Mister Hockey (Hellions Angels #1)(17)



“I make a batch once a week when I’m home.” He cleared his throat. “Do the vanilla bean ice cream on the slowest setting. Then slap it between two fresh-baked chocolate chip cookies.”

“Jed West the baker.” She appeared to have lost the ability to blink. “Got to say, I’d never have taken you for that.”

“What did you take me for?” He’d hate for her to think of him as a high-paid meathead.

Instead of answering, her gaze dropped to the car key clutched in his hand. “Oh.” She made a small face, ducking her chin. “Look at me, jabbering away when you must have a lot to do. And, yeah, so, okay then. Thank you for everything.” She stepped forward, extending her hand. “It was nice to meet you. Unexpected, but good. Really good.”

Instead of giving her a simple handshake, he laced his fingers with hers.

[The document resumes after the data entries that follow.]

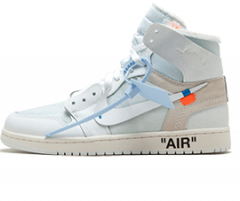 Men's White Off-White Nike Air Jordan 1 OG High Retro Sneakers at Original Store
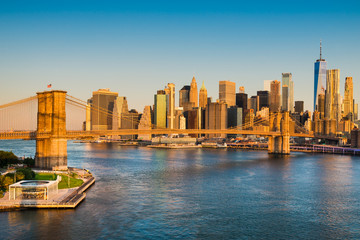 Fototapeta premium Manhattan i Brooklyn Bridge, Nowy Jork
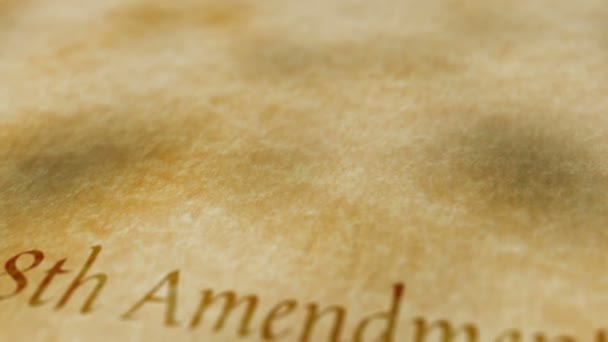 Scrolling Text Old Paper Background Contents 8Th Amendment United States — Stock Video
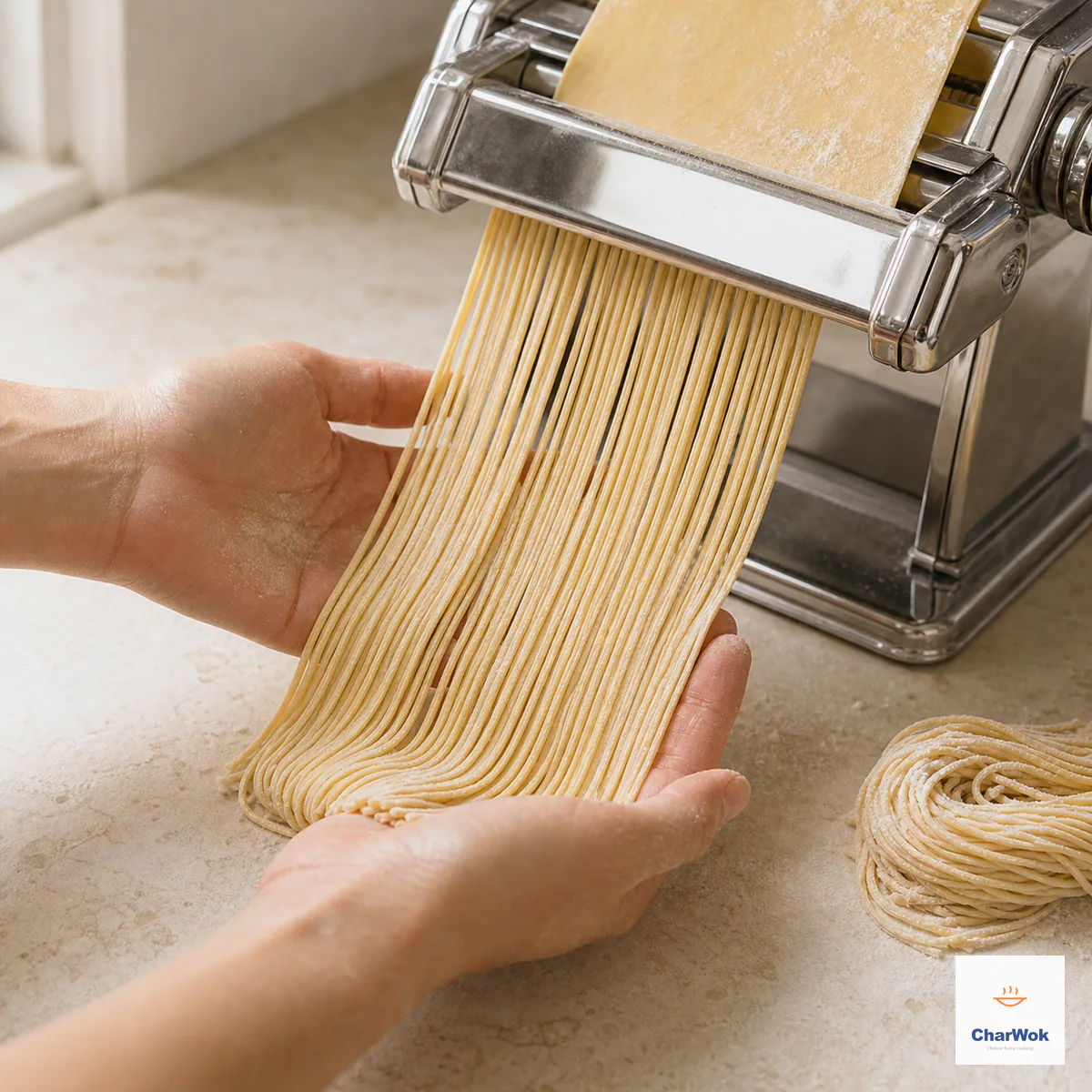 A cornstarch-dusted pale-yellow dough sheet passes through a fine round-noodle cutter while two hands catch the separate strands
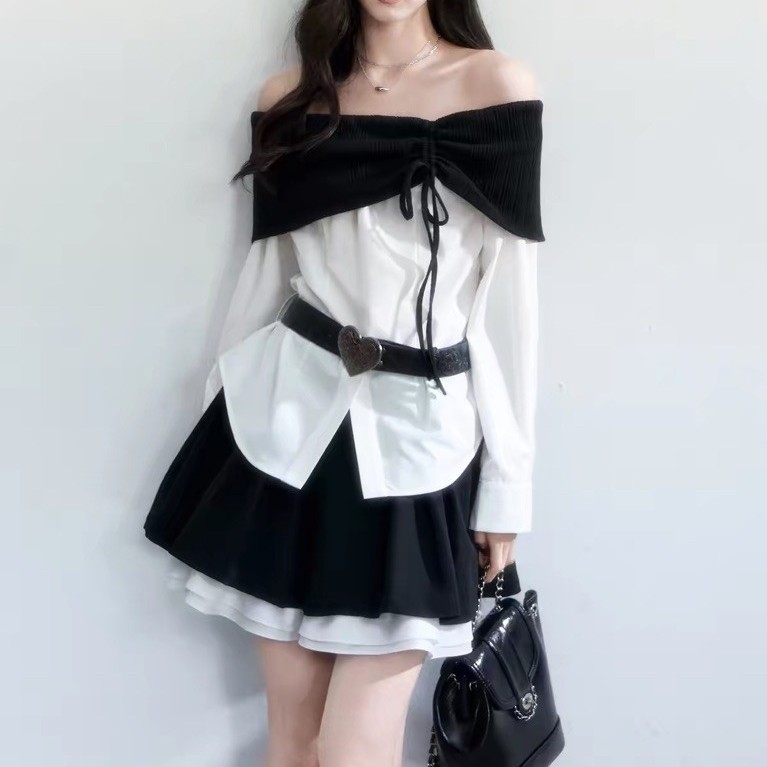 Fragile heart - Observer Poem Color Block Off-Shoulder Shirt Top and skirt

Her skin was soft and smooth against his rough calluses. “My pleasure.” And that’s when the truth hit him with the force of a cartoon anvil.

This afternoon had been nothing but pleasure. Even patching her leaky roof. Meeting her strange relatives. Talking about appliances.

For these past few hours he hadn’t been famous, or stuck on a pedestal, which was good because being alienated got old. So did getting treated differently just because he happened to do a job he loved.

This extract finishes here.